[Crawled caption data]
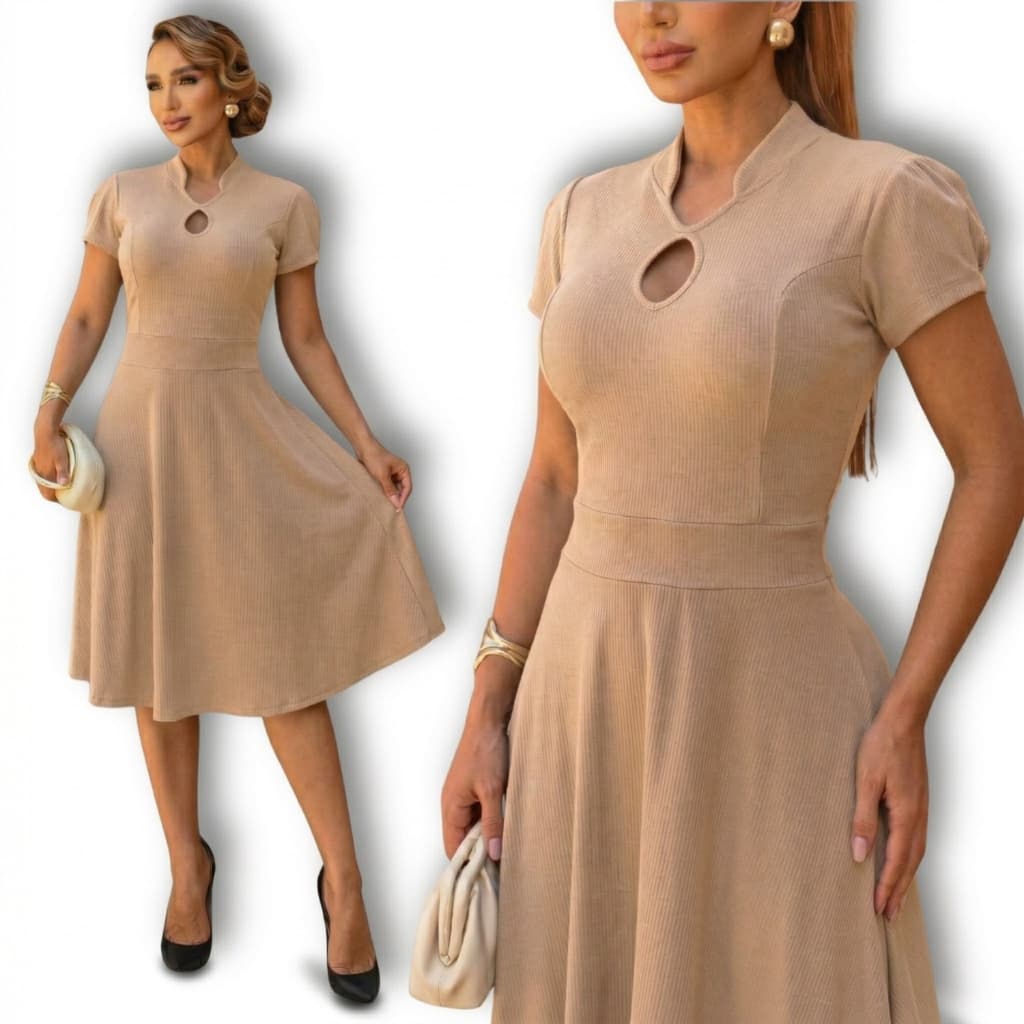 Vestido Feminino Midi Godê Social Elegante Gola Padre Moda Evangélica Casual Festa Casamento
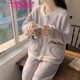 Pajamas de velours de corail modal pour les femmes en automne et hiver plus cardigan épaissis en velours ensemble de flanelle douce et mignonne pour l'usure en plein air 3881 à quatre feuilles L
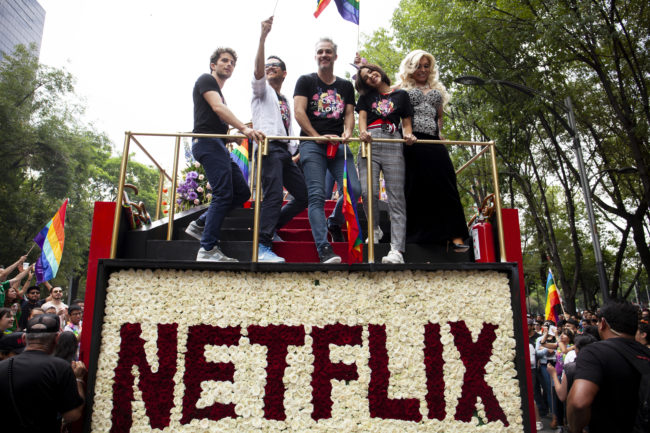 A Pride parade float by Netflix, which has changed the location of its OBX production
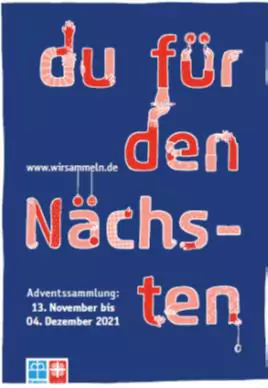 Du für den Nächsten — Advents­samm­lung der Caritas vom 13. Nov. bis 04. Dez. 2021
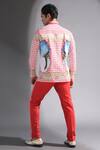 Shop_Mr. Ajay Kumar_Red Luxe Cotton Engineered Print Floral Pattern Baroque Shirt  _at_Aza_Fashions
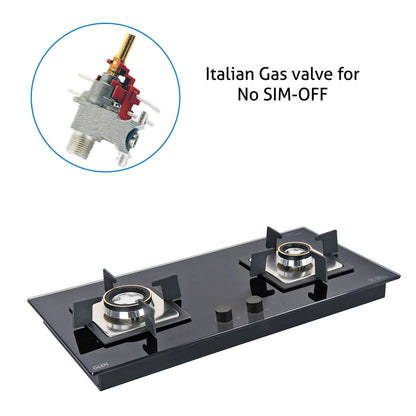 2 Burner Glass Hob Top with Double Ring Forged Brass Burners Auto Ignition (1022 SQ HT DB)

- Directions for this task: All records should be output exactly, with the pictures left out.

- Solution to this problem:
 Vestido Feminino Midi Godê Social Elegante Gola Padre Moda Evangélica Casual Festa Casamento
 Pajamas de velours de corail modal pour les femmes en automne et hiver plus cardigan épaissis en velours ensemble de flanelle douce et mignonne pour l'usure en plein air 3881 à quatre feuilles L
 A Pride parade float by Netflix, which has changed the location of its OBX production
 Du für den Nächsten — Advents­samm­lung der Caritas vom 13. Nov. bis 04. Dez. 2021
 Shop_Mr. Ajay Kumar_Red Luxe Cotton Engineered Print Floral Pattern Baroque Shirt  _at_Aza_Fashions
 2 Burner Glass Hob Top with Double Ring Forged Brass Burners Auto Ignition (1022 SQ HT DB)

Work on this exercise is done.